The other day I was talking with my friend Matt, and he said to me that he thought I knew a lot of people with names starting with “J.” I thought that was a bit strange, but started looking through my Facebook Friends list out of curiosity, and sure enough, Matt was right. The distribution of my Facebook Friends’ Names is below:
Then he claimed that he felt that most of my friend’s names began with a “J.” As you can see, the highest is “J” with 43, followed by “S – 35,” “M – 32,” “D – 31,” and “R – 30.” And if your name starts with a “U” or an “X,” I’m likely not to be your friend.
So, I wanted to test Matt’s hypothesis that most of my friend’s names start with a “J.”
H0: the proportion of my friend’s names that start with a “J” is 0.5
H1: the proportion of my friend’s names that start with a “J” is greater than 0.5
My calculator gave me the following result:
Therefore, at the α = .05 level, I can argue that Matt’s claim is not correct.

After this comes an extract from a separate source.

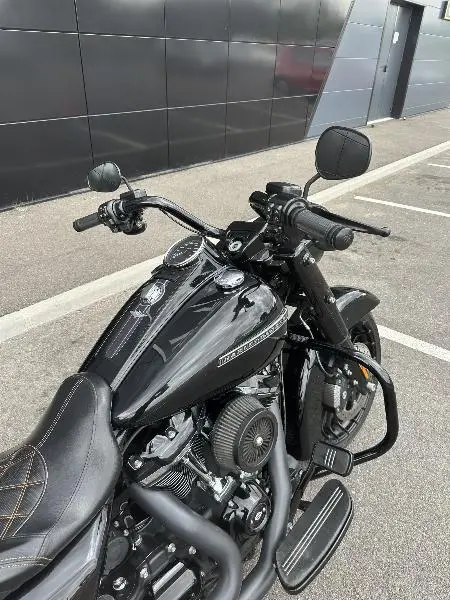TOURING ROAD KING 1745 SPECIAL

But then I started wondering if my friend’s names follow the distribution of other people’s friend’s names. So, I looked up the distribution of first initials from the 2010 Census and used a Chi-Square Goodness-of-Fit test, which gave me the following result:
Now, as a statistician, I know that these results are useless since some of my ‘observed’ counts were less than 5. However, this made me wonder how the calculator I used was able to give me a result anyway. I should have my statistics students next semester investigate the alternatives to the Chi-Square Goodness-of-Fit test when some of the cell counts are zero – hence why I am leaving out the answer this question here.

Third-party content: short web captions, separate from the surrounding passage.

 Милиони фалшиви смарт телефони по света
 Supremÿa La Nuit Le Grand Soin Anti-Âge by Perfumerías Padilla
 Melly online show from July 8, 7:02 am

I also started wondering if there is a way to determine whether a list of names is fraudulent, like how Benford’s Law can be used to determine whether a list of numbers is fraudulent. Of course, there is, but the area of studying text is still relatively new. For example, if a company has a stack of purchase orders, and the text is analyzed, and the majority of the orders are found to have come from the same person, they may wish to investigate.
Anyway, the part about all of this that interested me the most is that all of my questions and all of these things I started wondering about were prompted by a simple statement from someone who is not a mathematician. Matt was shocked by how excited I was to start playing with these numbers and told me that he hadn’t meant to make a statement so mathematical. But I reminded Matt that everyone makes mathematical statements on an everyday basis, whether they realize it or not. And sometimes, it is fun to dig a little deeper and play with the numbers. That’s part of the joy of mathematics.